La longue route, Bernard Moitessier, éd. Arthaud, 1971, p. 228
Un jour,à force de fouiller l'atome, un savant expliquera peut être la joie et la paix de l'esprit par des formules mathématiques. Ce serait intéressant, mais sûrement trop compliqué pour moi. Et peut être risquerait-il aussi, avec son cerveau, d'abîmer quelque chose d'essentiel. Je préfère ce que dit
Romain Gary: "ce dont l'homme a le plus besoin c'est d'amitié".
La longue route, Bernard Moitessier, éd. Arthaud, 1971, p. 240
Mais le meilleur arrosage pour la terre, c'est d'abord la sueur de l'homme, elle vient loin devant toutes les pluies et tous les fleuves du monde.

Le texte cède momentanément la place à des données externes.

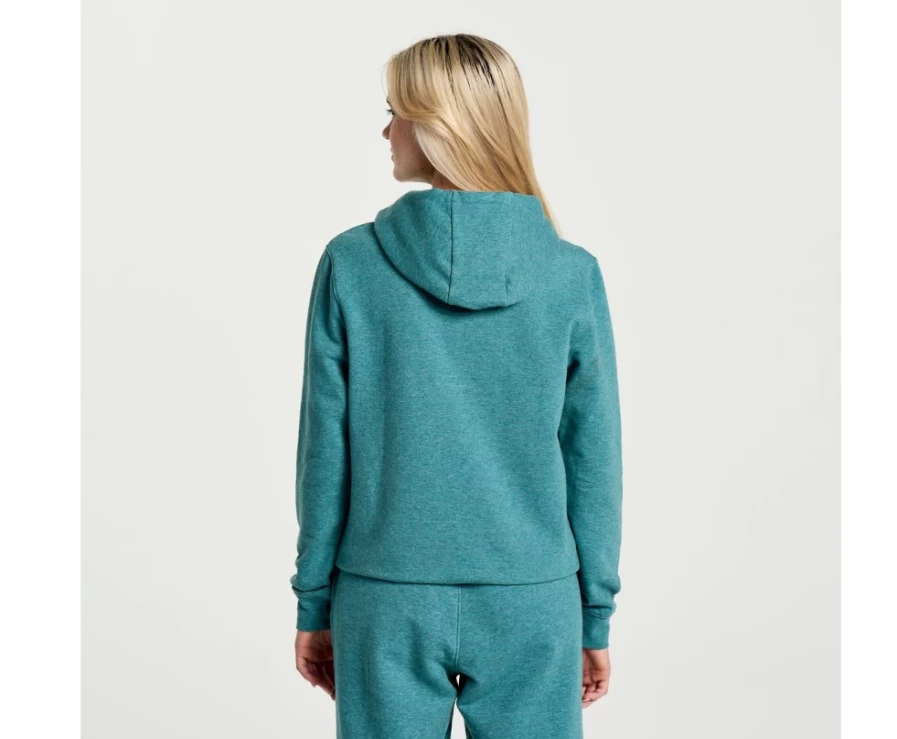 Saucony Women's North Atlantic Heather Graphic Rested Hoodie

Tamata et l'Alliance, Bernard Moitessier, éd. J'ai lu, 1996, p. 72
On l'offre toujours volontiers à Tamata. C'est le surnom qu'ils m'ont donné. En paumotu, Tamata veut dire "essayer" ou "pourquoi pas".
Tamata et l'Alliance, Bernard Moitessier, éd. J'ai lu, 1996, p. 340
C'était un vieux compte que je voulais régler avec "la
Marseillaise". Dans une lettre adressée au chef de l'État, j'ai donné mon opinion sur ce chant guerrier qui porte aux nues l'orgueil et la haine : "Le jour de gloire est arrivé ! L'étendard sanglant est levé ! Qu'un sang impur abreuve nos sillons !"
Deux siècles après la grande Révolution, c'est une nouvelle ère qu'il faut inventer, celle de la main généreuse tendue vers son prochain. Pour faire face aux défis du futur, notre monde inquiet a besoin de valeurs "morales" , pas de canons ni de gros drapeaux. Et qu'on n'ait pas encore changé les paroles de cette "Marseillaise", dégoulinante de sang, me fait honte pour une France qui se prétend le phare des autres peuples.